Sunday, February 24, 2013

Call of Jesus

On this Lenten journey with Mark, I am skipping the prologue for now,  and  proceed to verse 16 of chapter 1:

[16] And passing along by the Sea of Galilee, he saw Simon and Andrew the brother of Simon casting a net in the sea; for they were fishermen.
[17] And Jesus said to them, "Follow me and I will make you become fishers of men."
[18] And immediately they left their nets and followed him.
[19] And going on a little farther, he saw James the son of Zeb'edee and John his brother, who were in their boat mending the nets.
[20] And immediately he called them; and they left their father Zeb'edee in the boat with the hired servants, and followed him. 


Mark 1: 16-20 (RSV).   The passage is modeled on the Elijah- Elisha story in 1 Kings 19:19-21 which you can study in this  online article by Michael Turton.   (Turton takes critical views with which I disagree, but I have learned  helpful historical and literary  information  from him.)  Turton cites Thomas L. Brodie and identifies these parallels with Elijah's calling of Elisha:

         Note the parallels, listed in Brodie (2000, p91):
         *the action begins with a caller...and with motion toward those to be called;
         *those called are working (plowing/fishing);
         *the call, whether by gesture (Elijah) or word (Jesus) is brief;
         *later, the means of livelihood are variously destroyed or mended, the plow is destroyed, 

           but the nets are mended -- a typical inversion of images...;
         *after further movement, there is a leave-taking of home;
         *there is also a leave-taking of other workers;
         *finally, those who are called follow the caller.

Turton, online Commentary of Mark 1: 14-20.    Writers like Turton and Brodie claim that these NT literary allusions to the OT show that the NT writer is making something up here, and drawing on the OT for his material.  I disagree, and in fact I see the reverse of what these literary critics see.   That is, as someone who believes that that Gospel of Mark is the word of God, written by a human author, I see the spirit of God  involved in these echoes from the OT, although the precise nature of God's role  must remain a mystery.  I find these intertextual allusions fascinating and spiritually inspiring, and they make sense here in Mark 1.  After all, Jesus like Elijah has a prophetic office.  

Also,  Mark 1:14-20  is not a simple rehash of Elijah-Elisha.  While the Gospel alludes to that tradition with the parallels just listed,  a major difference here in Mark as compared to I Kings 19 is that the disciples come immediately.    See Daniel J. Harrington, S.J.,  and John R. Donahue, S.J.,  Sacra Pagina - The Gospel of Mark (2002), at 77.   Elisha did not go immediately.   He took time to check in with his father before going with Elijah.     The follower of Jesus needs to respond quickly.   Here is more than a prophet making the call.  This is the Messiah himself.   That's the message of Mark.

Saturday, February 16, 2013

Elijah - Greatest Hebrew Prophet

Before getting back to Mark chapter 1, note this about Elijah, who with John the Baptist was the subject of the last post:

[Elijah] is [t]raditionally held to be the greatest Hebrew prophet .... He maintained the ascendancy of the worship of Yahweh in the face of the Canaanite and Phoenician cults (I Kgs. 18) and upheld the claims of moral uprightness and social justice (I Kgs 21).

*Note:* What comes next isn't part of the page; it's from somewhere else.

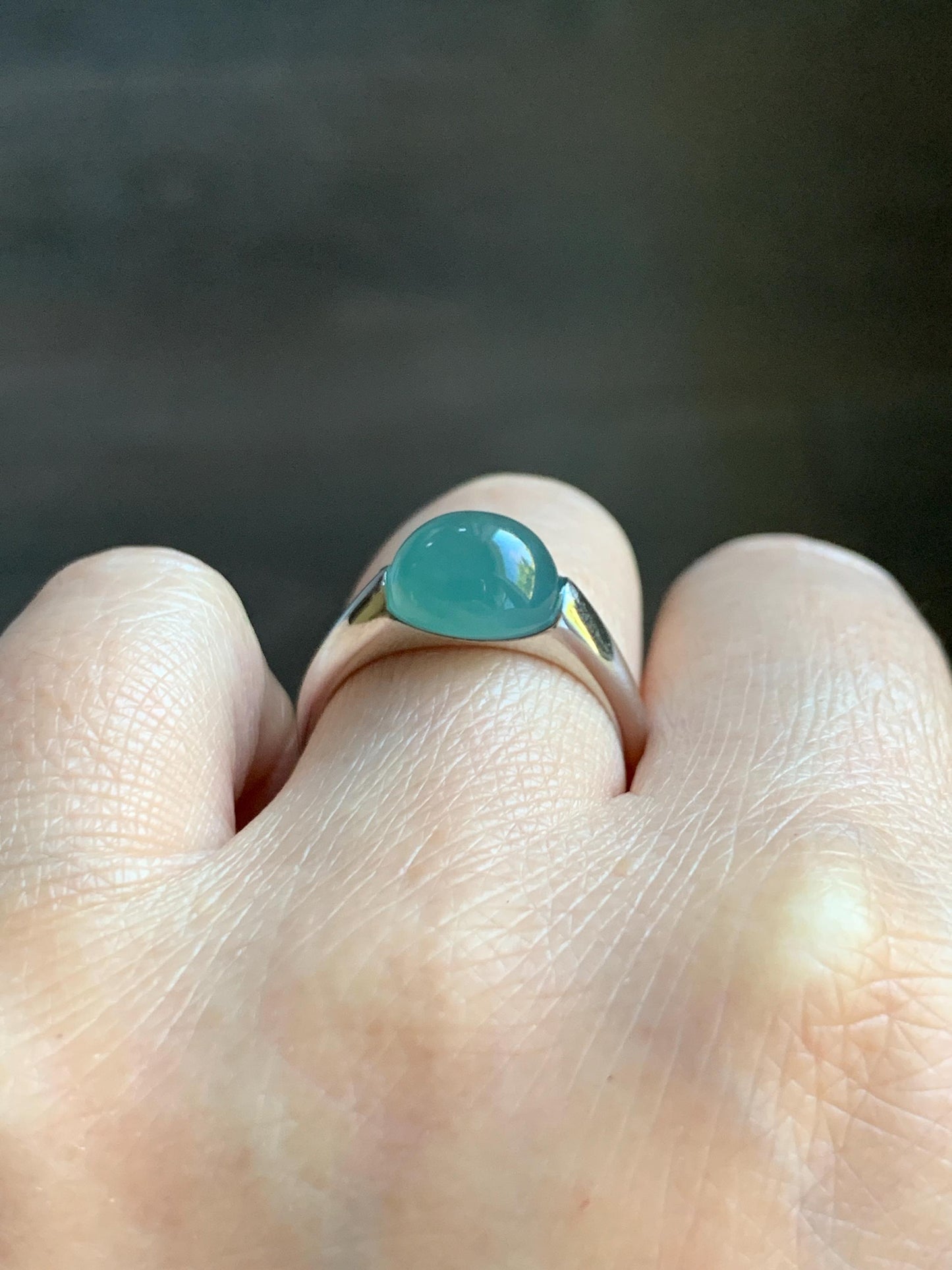 Natural Grade A Guatemalan Icy Translucent Teal Blue Oval Cabochon Jade Jadeite Ring Sterling Silver Size Adjustable 天然冰危蓝绿翡翠银镶戒指 JDX223C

With Enoch he shared the glory of not seeing death but of translation into heaven (2 Kgs. 2:1-18), and such was the impression which he made on the people that his return was held to be a necessary prelude to the deliverance and restoration of Israel (Mal. 4:5 f.) ... He is regarded with particular devotion by the Carmelites. 

Dictionary of the Christian Church (Ed. F.L. Cross and E.A. Livingston, Third Edition 1997) at 539.   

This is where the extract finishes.